Again it would be nice if shared functions that are not actually tests themselves did not depend on doctest - and the only dependencies were in the unit test .cpp files

My temporary fix to get the test to pass is to place a copy of the shared function in test_malloc_compliance.cpp just for cygwin.
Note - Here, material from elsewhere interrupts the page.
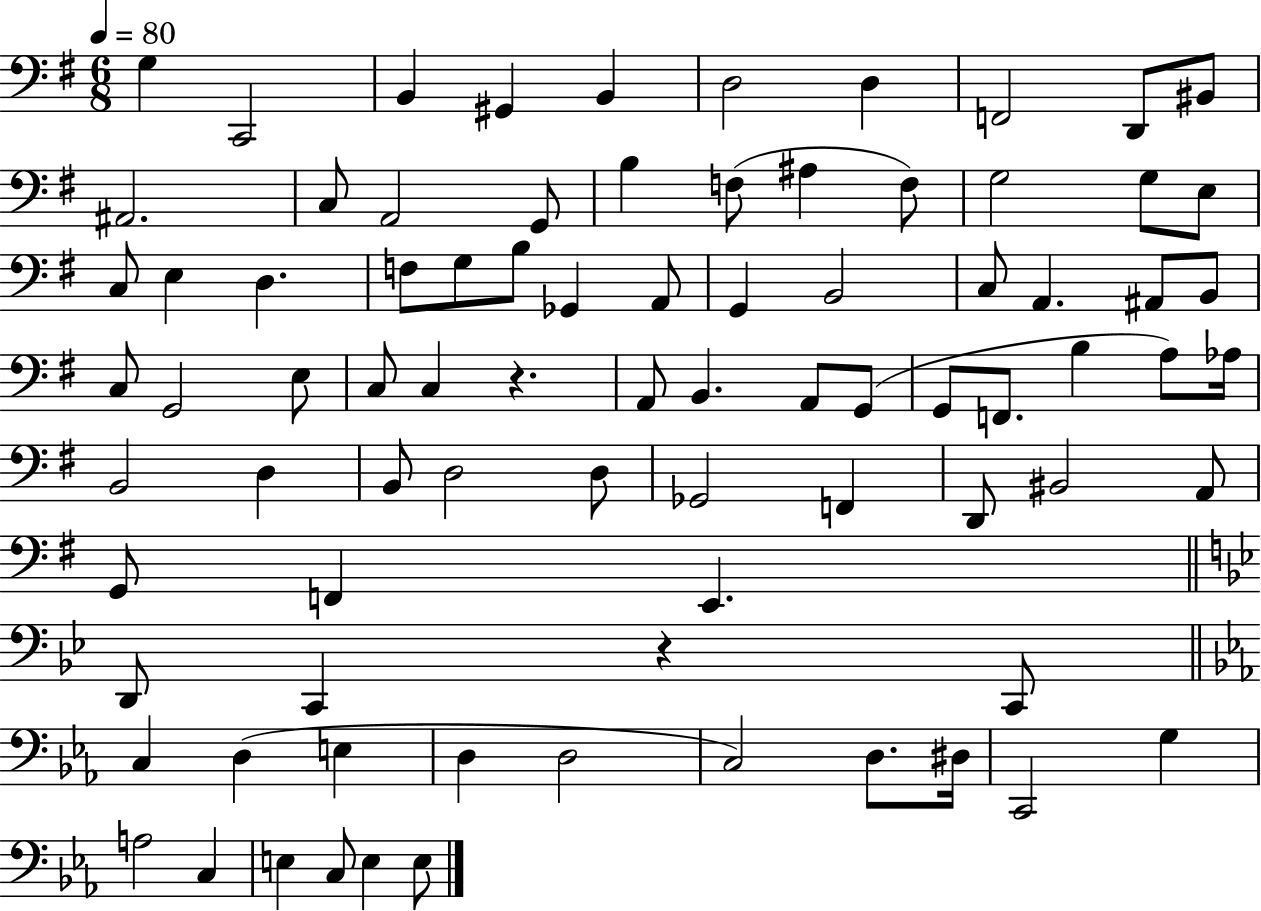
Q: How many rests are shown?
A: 2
I'll see if a better solution is possible for the PR.

Here's the original failure

$ ctest --test-dir build/cyg_gcc_debug -V -R malloc_compliance
test 125
    Start 125: test_malloc_compliance

125: Test command: build/cyg_gcc_debug/gnu_11.2_cxx11_64_debug/test_malloc_compliance.exe "--force-colors=1"
125: Test timeout computed to be: 10000000
125: Can't set limits: errno 22
1/1 Test #125: test_malloc_compliance ...........***Failed    0.45 sec

0% tests passed, 1 tests failed out of 1
Total Test time (real) =   1.38 sec
The following tests FAILED:
        125 - test_malloc_compliance (Failed)
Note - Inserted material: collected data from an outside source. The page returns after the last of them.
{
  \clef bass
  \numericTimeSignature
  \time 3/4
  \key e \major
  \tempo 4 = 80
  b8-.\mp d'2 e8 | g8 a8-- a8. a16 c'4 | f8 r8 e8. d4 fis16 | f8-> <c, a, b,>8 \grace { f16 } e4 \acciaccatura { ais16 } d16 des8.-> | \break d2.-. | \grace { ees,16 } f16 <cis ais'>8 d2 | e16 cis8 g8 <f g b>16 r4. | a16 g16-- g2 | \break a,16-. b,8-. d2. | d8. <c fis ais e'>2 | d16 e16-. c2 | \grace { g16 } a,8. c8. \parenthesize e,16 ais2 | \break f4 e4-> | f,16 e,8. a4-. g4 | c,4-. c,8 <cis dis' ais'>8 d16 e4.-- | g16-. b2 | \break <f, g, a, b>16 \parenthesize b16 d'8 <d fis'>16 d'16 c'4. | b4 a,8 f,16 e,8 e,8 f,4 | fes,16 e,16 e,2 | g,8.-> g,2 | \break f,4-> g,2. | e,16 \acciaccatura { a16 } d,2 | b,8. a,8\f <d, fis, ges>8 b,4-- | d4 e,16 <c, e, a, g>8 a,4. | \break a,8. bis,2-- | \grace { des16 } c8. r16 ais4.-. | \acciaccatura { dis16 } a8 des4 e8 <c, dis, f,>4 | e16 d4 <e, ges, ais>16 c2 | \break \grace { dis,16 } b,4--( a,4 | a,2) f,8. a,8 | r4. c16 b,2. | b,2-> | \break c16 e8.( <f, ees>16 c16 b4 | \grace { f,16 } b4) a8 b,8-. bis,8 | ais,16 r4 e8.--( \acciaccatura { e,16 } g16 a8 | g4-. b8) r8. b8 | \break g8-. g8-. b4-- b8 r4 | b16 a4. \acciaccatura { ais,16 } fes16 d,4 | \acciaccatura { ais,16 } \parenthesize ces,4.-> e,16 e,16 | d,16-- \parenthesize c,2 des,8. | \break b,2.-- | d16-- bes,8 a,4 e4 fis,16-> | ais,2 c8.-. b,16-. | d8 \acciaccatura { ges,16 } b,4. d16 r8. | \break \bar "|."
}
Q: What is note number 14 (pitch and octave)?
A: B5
The test passes after moving some code around in test_malloc_compliance.cpp to prevent #include <windows.h> from bleeding into non-Windows code blocks - and using a copy of the Windows version of the shared GetMemoryUsage function from test/common/memory_usage.h

It's very slow though which could be cygwin overhead of using Win32

$ ctest --test-dir build/cyg_gcc_debug -V -R malloc_compliance
test 125
    Start 125: test_malloc_compliance

125: Test command: cyg_gcc_debug/gnu_11.2_cxx11_64_debug/test_malloc_compliance.exe "--force-colors=1"
125: Test timeout computed to be: 10000000
125: ===============================================================================
125: [doctest] test cases:       1 |       1 passed | 0 failed | 0 skipped
125: [doctest] assertions: 1511136 | 1511136 passed | 0 failed |
125: [doctest] Status: SUCCESS!
1/1 Test #125: test_malloc_compliance ...........   Passed   34.76 sec

The following tests passed:
        test_malloc_compliance
100% tests passed, 0 tests failed out of 1
Total Test time (real) =  35.36 sec

@zmajeed
Copy link
Author

zmajeed commented Nov 4, 2021

The last two tests to fail 126 - test_malloc_used_by_lib (Subprocess aborted) and 127 - test_malloc_lib_unload (Failed) are particularly difficult to debug and fix because they seem to involve race conditions with C++ static data, symbols from dynamically loaded libraries using dlopen and dlsym and multiple threads in pthreads.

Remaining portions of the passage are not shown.